An internal policy does not replace your legal obligations, it complements them. In Europe there are two rules that matter here. The GDPR (Regulation (EU) 2016/679) protects personal data and applies to you whenever you handle a person’s information, so block 2 of the template (the data that is never uploaded) is partly a way of complying with it. The European Artificial Intelligence Regulation, known as the AI Act (Regulation (EU) 2024/1689), governs how AI systems are used according to their level of risk, and for most companies that only use third-party tools the obligations are light.
If you want to understand what really applies to you and what does not, I explain it in detail in the guide to AI, GDPR and the AI Act for companies. And an important note: this is not legal advice. For specific decisions, consult a legal professional.
Policy checklist
- The policy fits on one page and anyone reads it in five minutes
- The tool list distinguishes allowed, requires permission and forbidden
- The forbidden-data list is concrete, not generic
- It is written down who reviews what goes out to a client before sending
- There is one owner with a first and last name
- The policy has a date and a next-review date
- The team knows where the policy is and who to ask
Frequently asked questions
Do I need a lawyer to write the internal AI use policy?
To write the one-page version, no. It is a common-sense operational document that management itself can draft with the template in this article. Your full legal compliance under the GDPR and the AI Act is another matter: for that a professional review is worth it, especially if you handle sensitive data. The internal policy and legal compliance are two separate layers that support each other.
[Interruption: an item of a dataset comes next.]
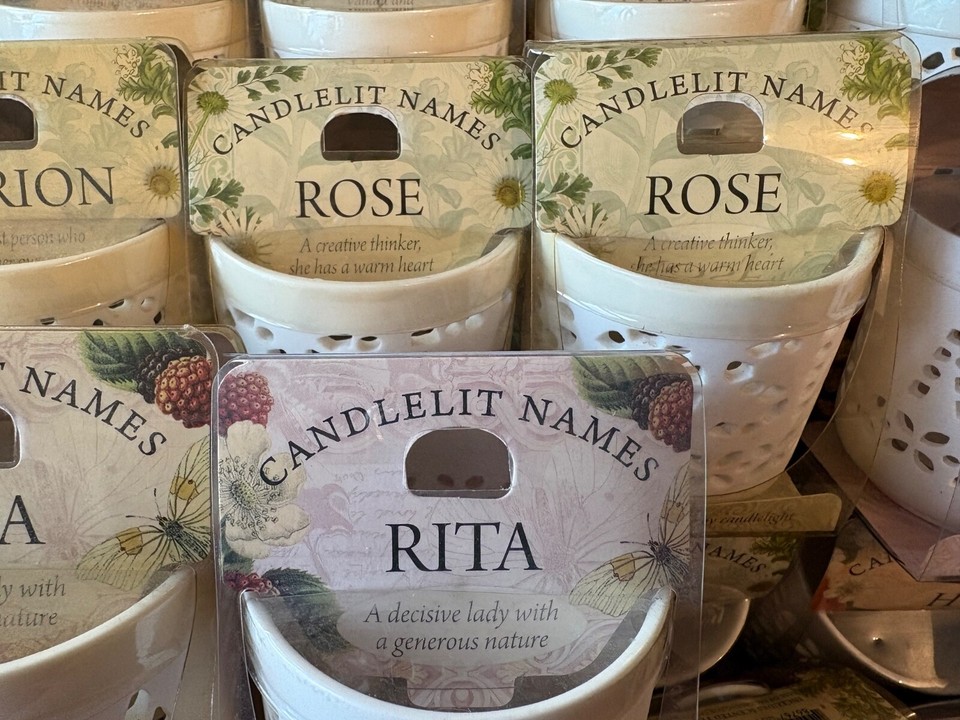 35 Candlelit Names Tea Light Holders with candle inc initials new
How often should I update the policy?
Every six months is a good default rhythm, and whenever a relevant new tool appears or a law changes. AI tools evolve fast, so a policy written and forgotten ages badly. Put a visible review date in the header of the document so it does not slip past you.
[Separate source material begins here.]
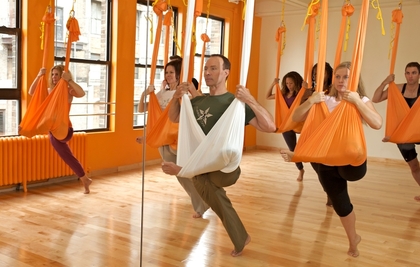 Aerial yoga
Is an AI use policy worth it for a five-person company?
It is, and perhaps more than in a large one, because in a small company a single data leak does more damage. You do not need complicated processes: the same five-block page works. The difference is that the owner is probably you, and training can be a ten-minute conversation instead of a formal session.
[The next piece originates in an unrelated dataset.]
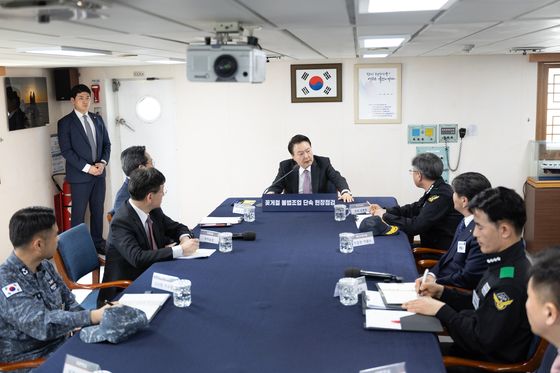 해경 "불법조업 중국어선 나포 단순 비교 평가는 적절치 않아"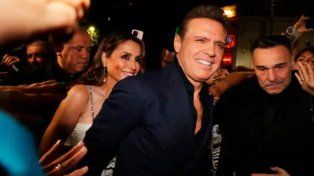 Luis Miguel fue a cenar a una parrilla de Puerto Madero acompañado de su pareja, la diseñadora española Paloma Cuevas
What do I do if an employee ignores the policy?
The first thing is to understand why. Often non-compliance means the allowed tool did not work for them and they looked for an alternative. If it is a one-off slip, a reminder is enough. If it repeats, check whether the policy is realistic or whether training is missing. Punishing without understanding the cause only makes shadow AI hide better.
Should I allow only paid tools or free ones too?
It is not a matter of price, but of what happens to your data. Some paid tools offer guarantees that they do not use your information to train their models, and many free ones do not. What matters is reading what each tool does with what you give it, and that check is part of the owner’s job before putting a tool on the allowed list.